*** Begin section ***
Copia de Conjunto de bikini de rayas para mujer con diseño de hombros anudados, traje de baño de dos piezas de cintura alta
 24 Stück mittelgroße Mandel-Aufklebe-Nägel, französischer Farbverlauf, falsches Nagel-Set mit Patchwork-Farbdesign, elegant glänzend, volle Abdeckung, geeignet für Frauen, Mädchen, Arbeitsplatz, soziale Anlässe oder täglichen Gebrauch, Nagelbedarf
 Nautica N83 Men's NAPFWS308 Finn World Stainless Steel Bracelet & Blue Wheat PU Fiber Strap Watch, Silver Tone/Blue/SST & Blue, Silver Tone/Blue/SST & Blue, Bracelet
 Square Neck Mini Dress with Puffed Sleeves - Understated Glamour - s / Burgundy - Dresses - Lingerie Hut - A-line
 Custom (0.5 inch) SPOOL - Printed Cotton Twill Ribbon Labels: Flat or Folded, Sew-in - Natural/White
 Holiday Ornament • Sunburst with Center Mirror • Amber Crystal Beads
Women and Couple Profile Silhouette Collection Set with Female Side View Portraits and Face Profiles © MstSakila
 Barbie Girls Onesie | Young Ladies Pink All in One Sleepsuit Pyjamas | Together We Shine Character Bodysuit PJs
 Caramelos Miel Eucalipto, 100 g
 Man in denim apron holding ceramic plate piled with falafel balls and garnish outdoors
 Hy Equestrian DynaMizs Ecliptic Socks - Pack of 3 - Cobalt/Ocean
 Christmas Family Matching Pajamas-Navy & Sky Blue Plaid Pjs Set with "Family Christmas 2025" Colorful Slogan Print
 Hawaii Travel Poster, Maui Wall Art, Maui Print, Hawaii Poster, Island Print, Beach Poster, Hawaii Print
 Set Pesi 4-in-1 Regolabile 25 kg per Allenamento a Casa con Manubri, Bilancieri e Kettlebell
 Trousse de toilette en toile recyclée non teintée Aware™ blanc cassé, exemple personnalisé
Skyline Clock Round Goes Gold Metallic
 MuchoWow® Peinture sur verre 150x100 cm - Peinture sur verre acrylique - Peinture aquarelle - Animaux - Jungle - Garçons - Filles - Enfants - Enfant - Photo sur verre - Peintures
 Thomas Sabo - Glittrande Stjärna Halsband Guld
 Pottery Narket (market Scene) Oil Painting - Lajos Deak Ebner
*** End section ***
Among the records above, find the lines that contain "Blue" and copy every one.

 Nautica N83 Men's NAPFWS308 Finn World Stainless Steel Bracelet & Blue Wheat PU Fiber Strap Watch, Silver Tone/Blue/SST & Blue, Silver Tone/Blue/SST & Blue, Bracelet
 Christmas Family Matching Pajamas-Navy & Sky Blue Plaid Pjs Set with "Family Christmas 2025" Colorful Slogan Print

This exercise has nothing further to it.